Task prompt:
Write out the records word for word, with no pictures.

Given records:
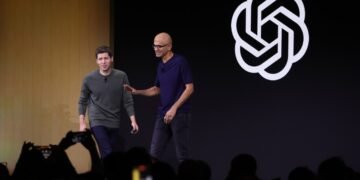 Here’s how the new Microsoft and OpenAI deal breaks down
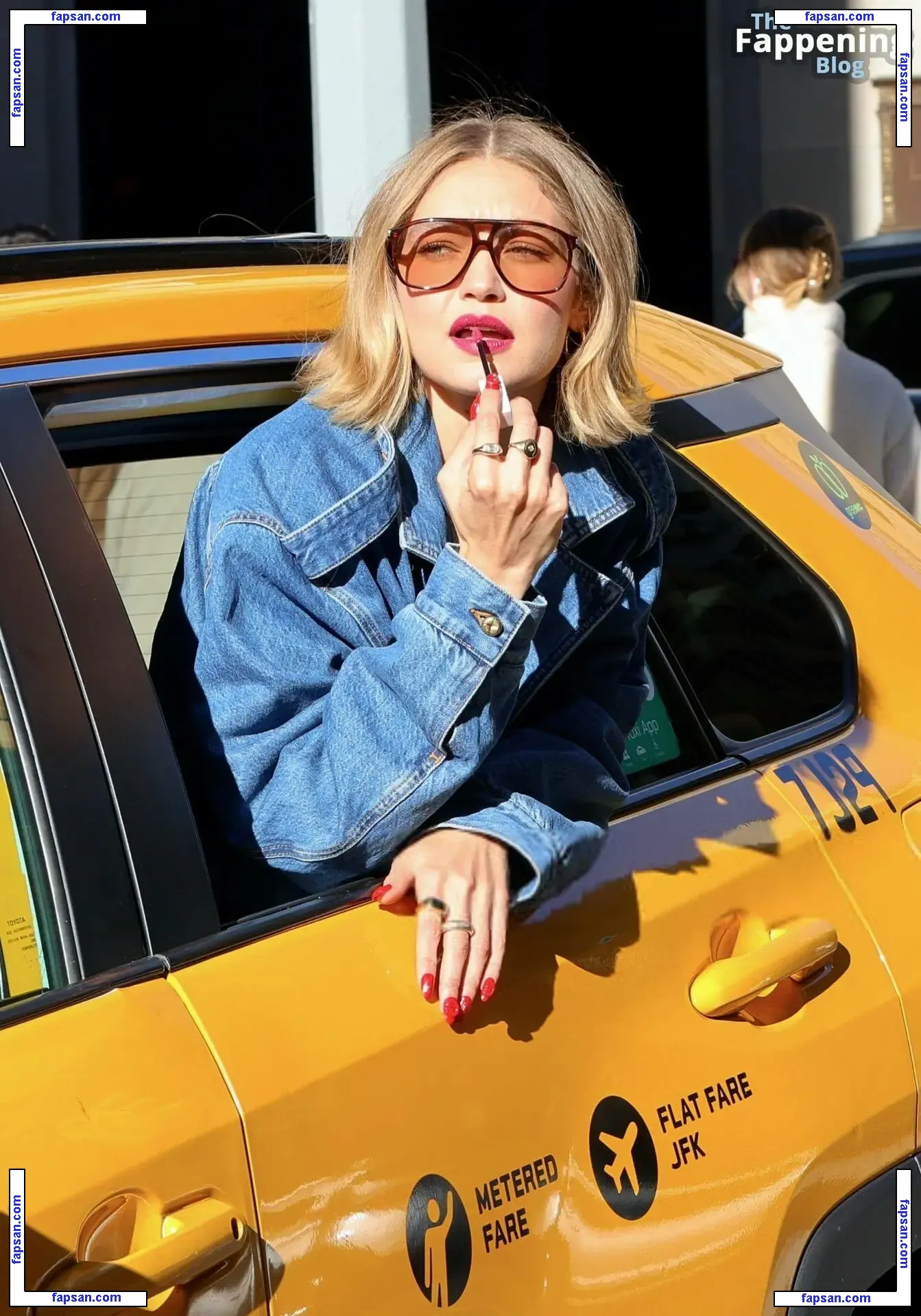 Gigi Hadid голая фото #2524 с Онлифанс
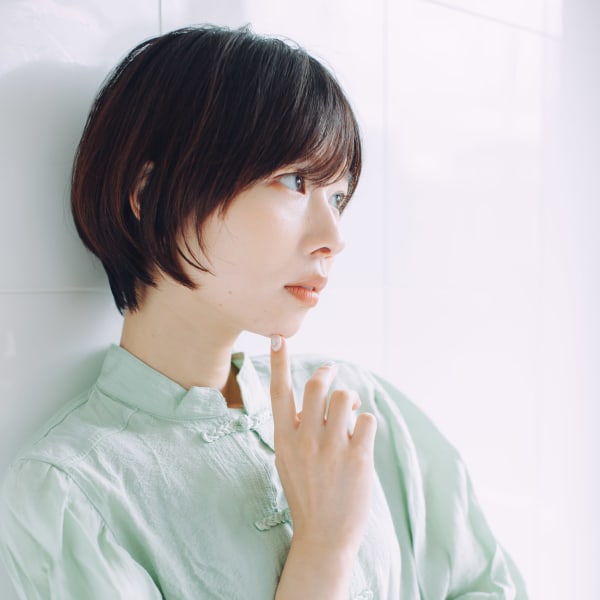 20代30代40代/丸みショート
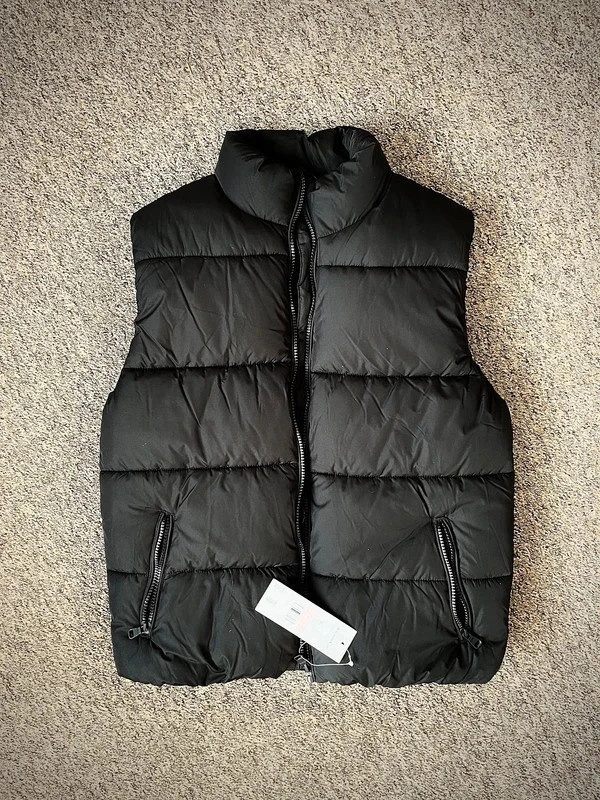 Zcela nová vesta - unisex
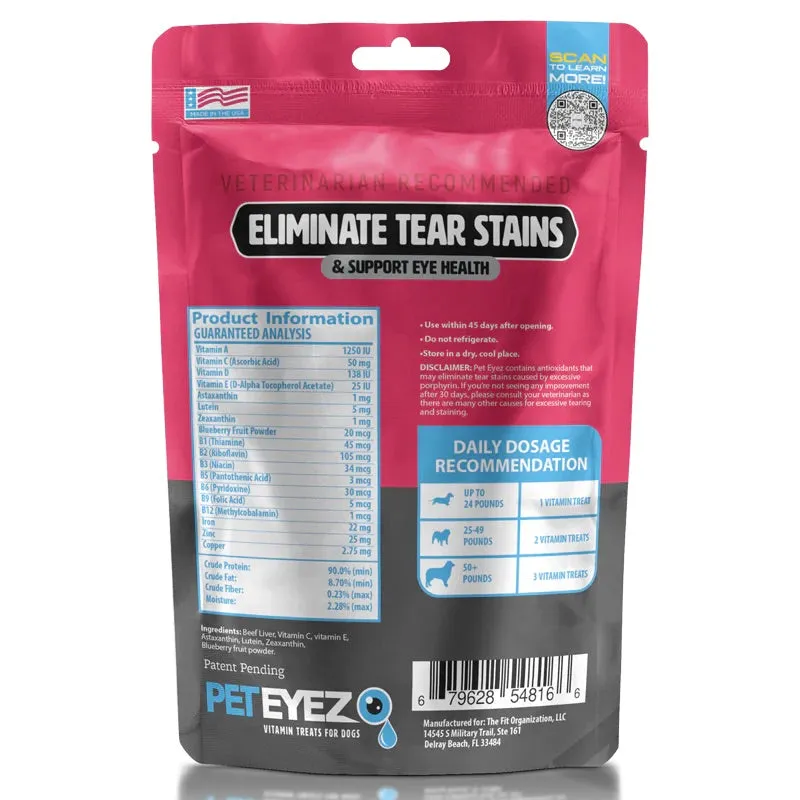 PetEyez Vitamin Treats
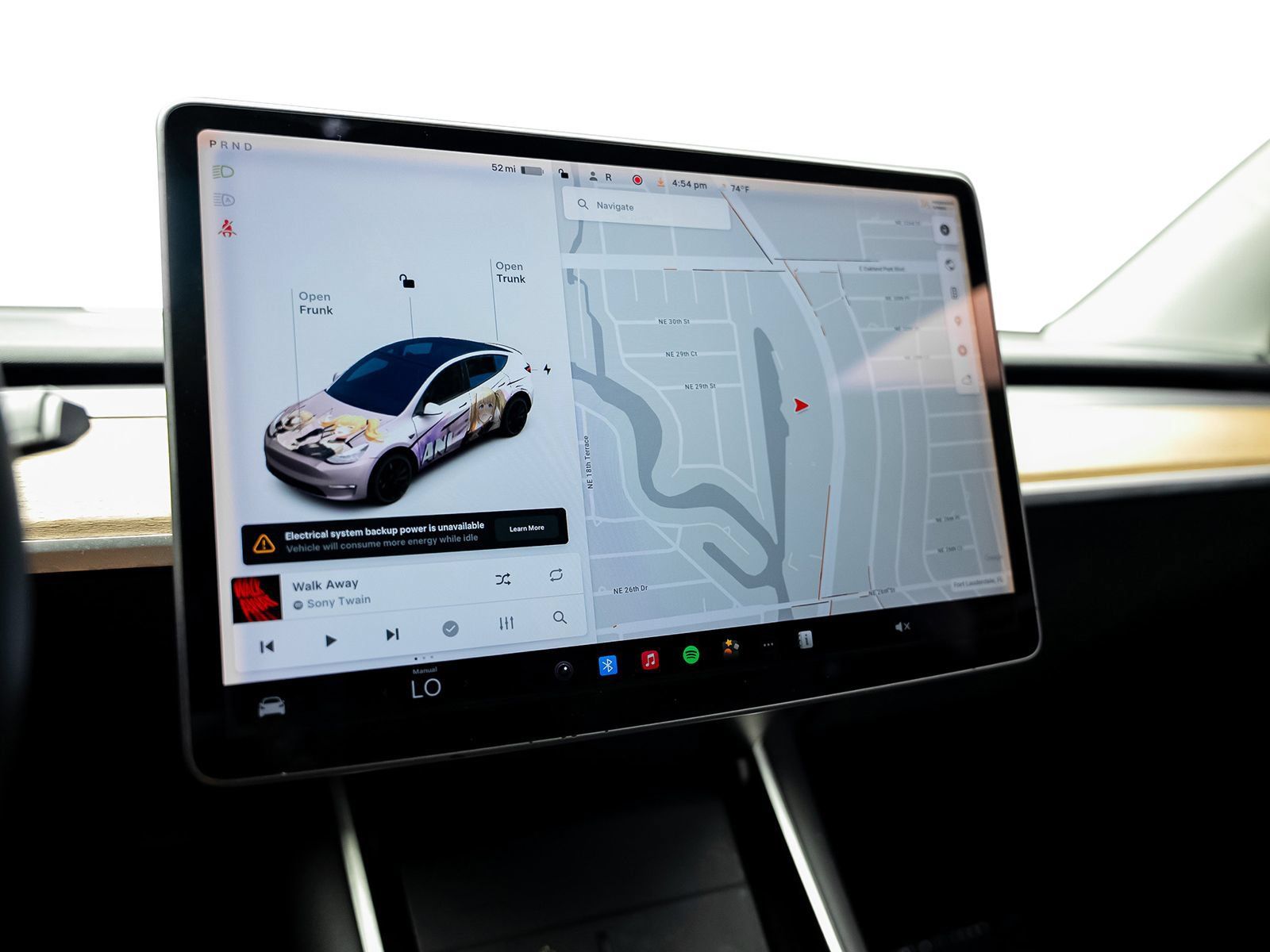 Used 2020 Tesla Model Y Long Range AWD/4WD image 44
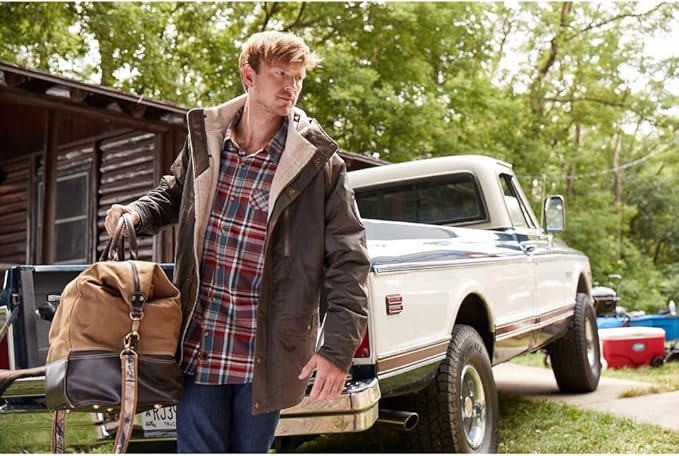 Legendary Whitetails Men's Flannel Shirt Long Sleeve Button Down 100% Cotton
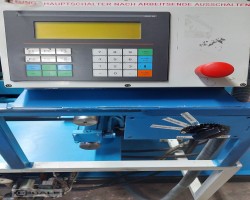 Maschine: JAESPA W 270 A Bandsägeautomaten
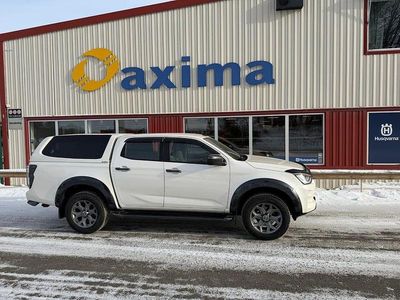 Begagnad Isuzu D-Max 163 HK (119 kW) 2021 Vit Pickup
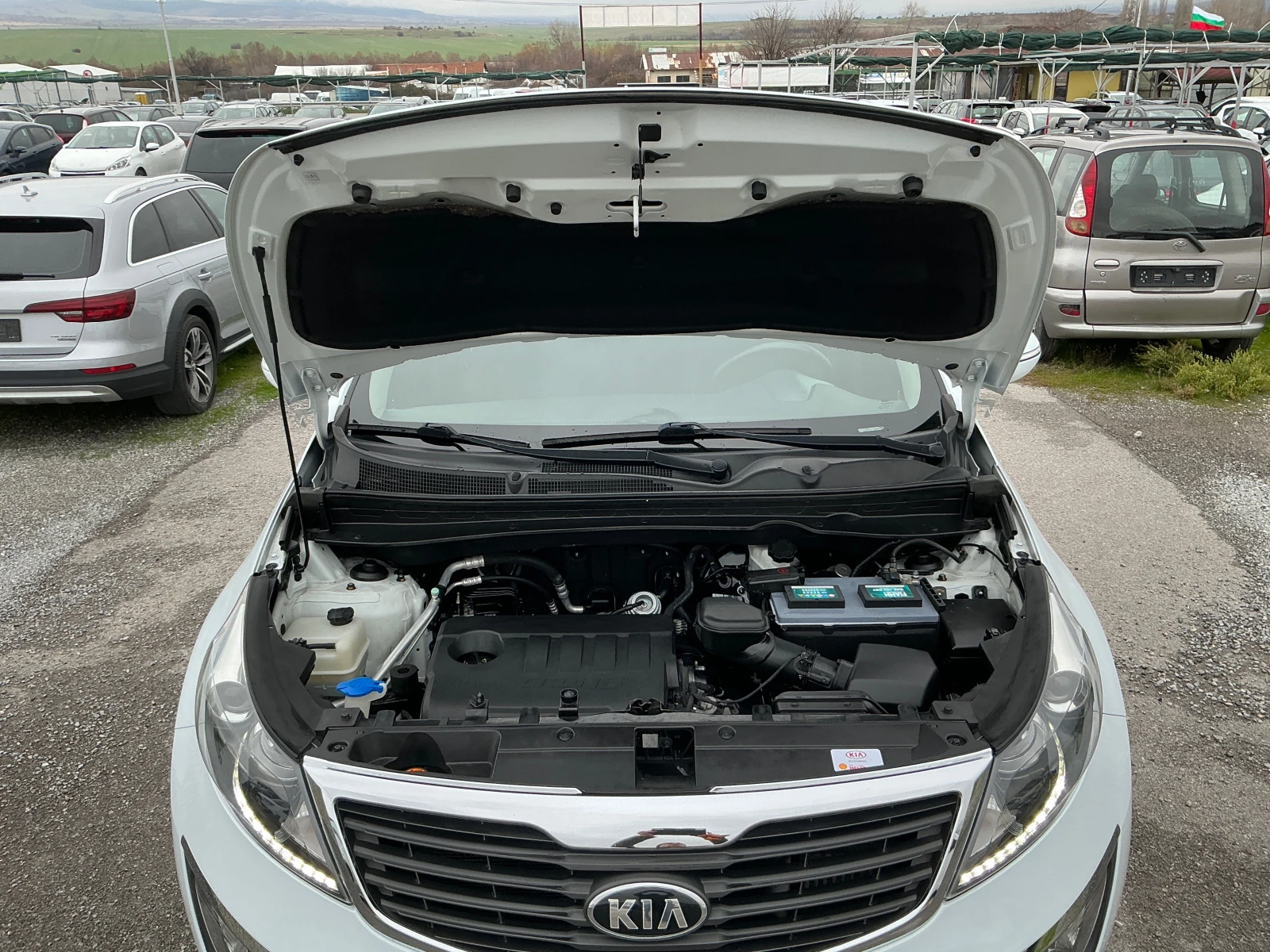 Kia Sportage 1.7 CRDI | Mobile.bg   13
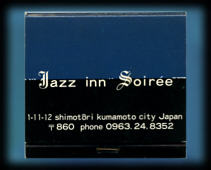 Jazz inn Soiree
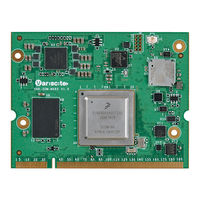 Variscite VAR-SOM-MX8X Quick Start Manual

Answer to this exercise:
 Here’s how the new Microsoft and OpenAI deal breaks down
 Gigi Hadid голая фото #2524 с Онлифанс
 20代30代40代/丸みショート
 Zcela nová vesta - unisex
 PetEyez Vitamin Treats
 Used 2020 Tesla Model Y Long Range AWD/4WD image 44
 Legendary Whitetails Men's Flannel Shirt Long Sleeve Button Down 100% Cotton
 Maschine: JAESPA W 270 A Bandsägeautomaten
 Begagnad Isuzu D-Max 163 HK (119 kW) 2021 Vit Pickup
 Kia Sportage 1.7 CRDI | Mobile.bg   13
 Jazz inn Soiree
 Variscite VAR-SOM-MX8X Quick Start Manual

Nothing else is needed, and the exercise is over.